> [Task]: The output is a word-for-word repeat of the listing below, free of images.

> [Information supplied]:
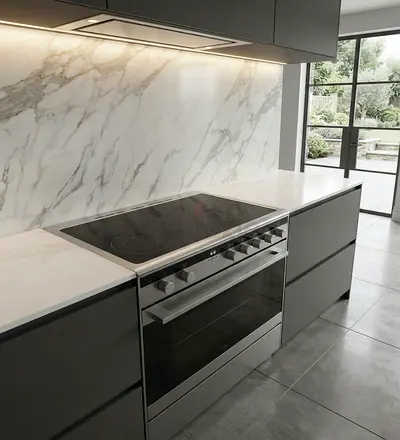 Siemens 90x60Cm Electric Cooker With Oven, 5-Zone Hob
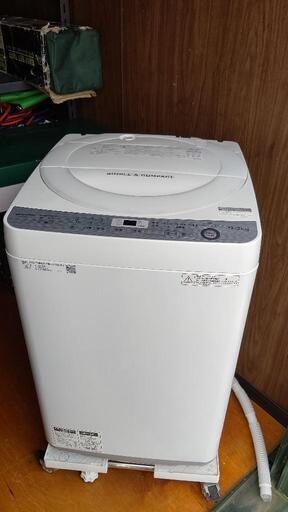☆SHARP　シャープ　6kgサイズ　全自動電気洗濯機　ES-GE6B-W（現状渡し）☆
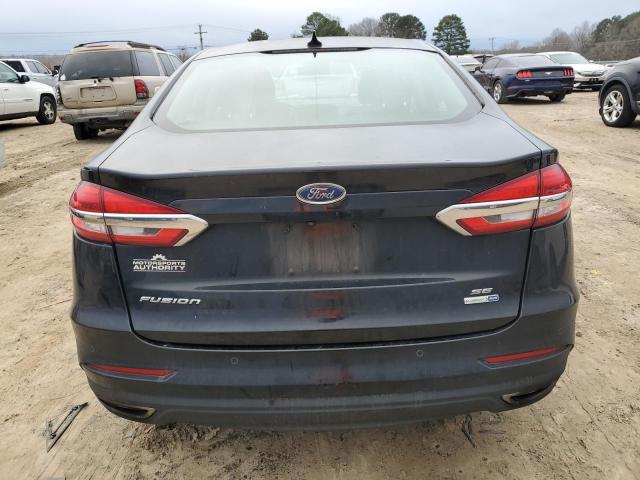 3FA6P0T92KR237873 - 2019 FORD FUSION SE BLACK photo 6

> [Result]:
 Siemens 90x60Cm Electric Cooker With Oven, 5-Zone Hob
☆SHARP　シャープ　6kgサイズ　全自動電気洗濯機　ES-GE6B-W（現状渡し）☆
 3FA6P0T92KR237873 - 2019 FORD FUSION SE BLACK photo 6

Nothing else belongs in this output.